*** Data provided ***

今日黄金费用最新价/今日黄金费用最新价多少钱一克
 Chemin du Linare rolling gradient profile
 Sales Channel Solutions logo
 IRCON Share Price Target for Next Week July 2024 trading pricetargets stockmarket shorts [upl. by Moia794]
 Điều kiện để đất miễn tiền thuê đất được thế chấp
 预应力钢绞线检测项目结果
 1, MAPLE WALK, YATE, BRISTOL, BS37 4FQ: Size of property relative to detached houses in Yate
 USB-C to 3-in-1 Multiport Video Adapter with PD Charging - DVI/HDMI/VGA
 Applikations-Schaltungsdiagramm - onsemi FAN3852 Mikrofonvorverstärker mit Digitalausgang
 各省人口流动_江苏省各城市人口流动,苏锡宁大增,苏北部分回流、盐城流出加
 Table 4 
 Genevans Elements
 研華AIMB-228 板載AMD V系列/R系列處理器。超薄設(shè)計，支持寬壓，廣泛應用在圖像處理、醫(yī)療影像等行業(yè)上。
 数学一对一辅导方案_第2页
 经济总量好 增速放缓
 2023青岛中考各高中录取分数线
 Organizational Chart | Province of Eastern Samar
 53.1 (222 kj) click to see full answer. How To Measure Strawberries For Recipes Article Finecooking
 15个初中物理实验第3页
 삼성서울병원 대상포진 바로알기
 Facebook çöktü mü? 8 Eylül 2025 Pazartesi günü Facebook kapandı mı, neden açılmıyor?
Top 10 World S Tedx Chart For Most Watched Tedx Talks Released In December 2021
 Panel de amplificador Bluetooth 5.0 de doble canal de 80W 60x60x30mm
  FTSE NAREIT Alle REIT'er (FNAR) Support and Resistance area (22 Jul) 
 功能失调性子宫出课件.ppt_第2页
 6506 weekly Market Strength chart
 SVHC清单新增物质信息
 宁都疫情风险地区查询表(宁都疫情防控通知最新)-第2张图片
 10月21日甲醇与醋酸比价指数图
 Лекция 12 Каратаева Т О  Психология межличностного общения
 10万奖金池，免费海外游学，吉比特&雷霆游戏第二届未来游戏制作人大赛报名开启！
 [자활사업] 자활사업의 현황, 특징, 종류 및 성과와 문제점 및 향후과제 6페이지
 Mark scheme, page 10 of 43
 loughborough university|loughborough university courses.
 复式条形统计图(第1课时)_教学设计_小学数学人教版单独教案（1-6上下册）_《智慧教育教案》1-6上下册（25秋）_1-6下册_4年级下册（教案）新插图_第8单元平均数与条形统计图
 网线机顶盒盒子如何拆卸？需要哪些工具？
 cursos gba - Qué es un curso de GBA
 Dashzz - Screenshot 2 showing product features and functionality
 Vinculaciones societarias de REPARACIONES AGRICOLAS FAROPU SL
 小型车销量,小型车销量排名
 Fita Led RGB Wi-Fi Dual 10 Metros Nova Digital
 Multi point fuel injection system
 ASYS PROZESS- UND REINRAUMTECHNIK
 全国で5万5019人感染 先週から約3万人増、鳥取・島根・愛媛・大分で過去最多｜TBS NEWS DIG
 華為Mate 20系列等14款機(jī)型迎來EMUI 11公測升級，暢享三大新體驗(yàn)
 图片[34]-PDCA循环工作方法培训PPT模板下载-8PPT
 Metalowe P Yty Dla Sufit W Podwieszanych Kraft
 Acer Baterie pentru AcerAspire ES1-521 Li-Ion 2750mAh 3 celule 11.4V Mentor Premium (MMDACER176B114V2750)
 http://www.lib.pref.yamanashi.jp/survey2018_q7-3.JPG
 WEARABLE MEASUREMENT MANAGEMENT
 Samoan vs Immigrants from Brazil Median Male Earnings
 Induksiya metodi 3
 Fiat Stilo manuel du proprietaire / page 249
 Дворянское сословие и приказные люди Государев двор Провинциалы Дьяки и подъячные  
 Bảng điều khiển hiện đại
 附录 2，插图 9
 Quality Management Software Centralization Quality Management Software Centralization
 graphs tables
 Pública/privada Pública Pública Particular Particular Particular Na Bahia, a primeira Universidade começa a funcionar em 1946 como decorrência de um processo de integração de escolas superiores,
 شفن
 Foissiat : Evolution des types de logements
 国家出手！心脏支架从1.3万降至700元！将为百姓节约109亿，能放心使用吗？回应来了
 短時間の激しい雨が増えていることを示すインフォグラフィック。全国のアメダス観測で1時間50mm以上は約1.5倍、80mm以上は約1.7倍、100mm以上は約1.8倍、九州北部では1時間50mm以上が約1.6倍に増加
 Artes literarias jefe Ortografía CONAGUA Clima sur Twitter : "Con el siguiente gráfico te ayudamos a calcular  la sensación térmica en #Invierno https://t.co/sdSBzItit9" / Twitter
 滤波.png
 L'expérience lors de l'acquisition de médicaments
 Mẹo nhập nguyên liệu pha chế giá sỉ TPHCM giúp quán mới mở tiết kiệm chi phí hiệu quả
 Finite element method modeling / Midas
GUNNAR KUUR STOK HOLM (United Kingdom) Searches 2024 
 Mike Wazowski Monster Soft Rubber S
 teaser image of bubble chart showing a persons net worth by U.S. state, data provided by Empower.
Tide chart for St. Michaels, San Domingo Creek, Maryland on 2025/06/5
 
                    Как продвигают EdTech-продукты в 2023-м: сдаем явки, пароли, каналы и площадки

***

**Work to complete**
Exactly as written, set down all of the material.

**Response to this task**
今日黄金费用最新价/今日黄金费用最新价多少钱一克
 Chemin du Linare rolling gradient profile
 Sales Channel Solutions logo
 IRCON Share Price Target for Next Week July 2024 trading pricetargets stockmarket shorts [upl. by Moia794]
 Điều kiện để đất miễn tiền thuê đất được thế chấp
 预应力钢绞线检测项目结果
 1, MAPLE WALK, YATE, BRISTOL, BS37 4FQ: Size of property relative to detached houses in Yate
 USB-C to 3-in-1 Multiport Video Adapter with PD Charging - DVI/HDMI/VGA
 Applikations-Schaltungsdiagramm - onsemi FAN3852 Mikrofonvorverstärker mit Digitalausgang
 各省人口流动_江苏省各城市人口流动,苏锡宁大增,苏北部分回流、盐城流出加
 Table 4 
 Genevans Elements
 研華AIMB-228 板載AMD V系列/R系列處理器。超薄設(shè)計，支持寬壓，廣泛應用在圖像處理、醫(yī)療影像等行業(yè)上。
 数学一对一辅导方案_第2页
 经济总量好 增速放缓
 2023青岛中考各高中录取分数线
 Organizational Chart | Province of Eastern Samar
 53.1 (222 kj) click to see full answer. How To Measure Strawberries For Recipes Article Finecooking
 15个初中物理实验第3页
 삼성서울병원 대상포진 바로알기
 Facebook çöktü mü? 8 Eylül 2025 Pazartesi günü Facebook kapandı mı, neden açılmıyor?
Top 10 World S Tedx Chart For Most Watched Tedx Talks Released In December 2021
 Panel de amplificador Bluetooth 5.0 de doble canal de 80W 60x60x30mm
  FTSE NAREIT Alle REIT'er (FNAR) Support and Resistance area (22 Jul) 
 功能失调性子宫出课件.ppt_第2页
 6506 weekly Market Strength chart
 SVHC清单新增物质信息
 宁都疫情风险地区查询表(宁都疫情防控通知最新)-第2张图片
 10月21日甲醇与醋酸比价指数图
 Лекция 12 Каратаева Т О  Психология межличностного общения
 10万奖金池，免费海外游学，吉比特&雷霆游戏第二届未来游戏制作人大赛报名开启！
 [자활사업] 자활사업의 현황, 특징, 종류 및 성과와 문제점 및 향후과제 6페이지
 Mark scheme, page 10 of 43
 loughborough university|loughborough university courses.
 复式条形统计图(第1课时)_教学设计_小学数学人教版单独教案（1-6上下册）_《智慧教育教案》1-6上下册（25秋）_1-6下册_4年级下册（教案）新插图_第8单元平均数与条形统计图
 网线机顶盒盒子如何拆卸？需要哪些工具？
 cursos gba - Qué es un curso de GBA
 Dashzz - Screenshot 2 showing product features and functionality
 Vinculaciones societarias de REPARACIONES AGRICOLAS FAROPU SL
 小型车销量,小型车销量排名
 Fita Led RGB Wi-Fi Dual 10 Metros Nova Digital
 Multi point fuel injection system
 ASYS PROZESS- UND REINRAUMTECHNIK
 全国で5万5019人感染 先週から約3万人増、鳥取・島根・愛媛・大分で過去最多｜TBS NEWS DIG
 華為Mate 20系列等14款機(jī)型迎來EMUI 11公測升級，暢享三大新體驗(yàn)
 图片[34]-PDCA循环工作方法培训PPT模板下载-8PPT
 Metalowe P Yty Dla Sufit W Podwieszanych Kraft
 Acer Baterie pentru AcerAspire ES1-521 Li-Ion 2750mAh 3 celule 11.4V Mentor Premium (MMDACER176B114V2750)
 http://www.lib.pref.yamanashi.jp/survey2018_q7-3.JPG
 WEARABLE MEASUREMENT MANAGEMENT
 Samoan vs Immigrants from Brazil Median Male Earnings
 Induksiya metodi 3
 Fiat Stilo manuel du proprietaire / page 249
 Дворянское сословие и приказные люди Государев двор Провинциалы Дьяки и подъячные  
 Bảng điều khiển hiện đại
 附录 2，插图 9
 Quality Management Software Centralization Quality Management Software Centralization
 graphs tables
 Pública/privada Pública Pública Particular Particular Particular Na Bahia, a primeira Universidade começa a funcionar em 1946 como decorrência de um processo de integração de escolas superiores,
 شفن
 Foissiat : Evolution des types de logements
 国家出手！心脏支架从1.3万降至700元！将为百姓节约109亿，能放心使用吗？回应来了
 短時間の激しい雨が増えていることを示すインフォグラフィック。全国のアメダス観測で1時間50mm以上は約1.5倍、80mm以上は約1.7倍、100mm以上は約1.8倍、九州北部では1時間50mm以上が約1.6倍に増加
 Artes literarias jefe Ortografía CONAGUA Clima sur Twitter : "Con el siguiente gráfico te ayudamos a calcular  la sensación térmica en #Invierno https://t.co/sdSBzItit9" / Twitter
 滤波.png
 L'expérience lors de l'acquisition de médicaments
 Mẹo nhập nguyên liệu pha chế giá sỉ TPHCM giúp quán mới mở tiết kiệm chi phí hiệu quả
 Finite element method modeling / Midas
GUNNAR KUUR STOK HOLM (United Kingdom) Searches 2024 
 Mike Wazowski Monster Soft Rubber S
 teaser image of bubble chart showing a persons net worth by U.S. state, data provided by Empower.
Tide chart for St. Michaels, San Domingo Creek, Maryland on 2025/06/5
 
                    Как продвигают EdTech-продукты в 2023-м: сдаем явки, пароли, каналы и площадки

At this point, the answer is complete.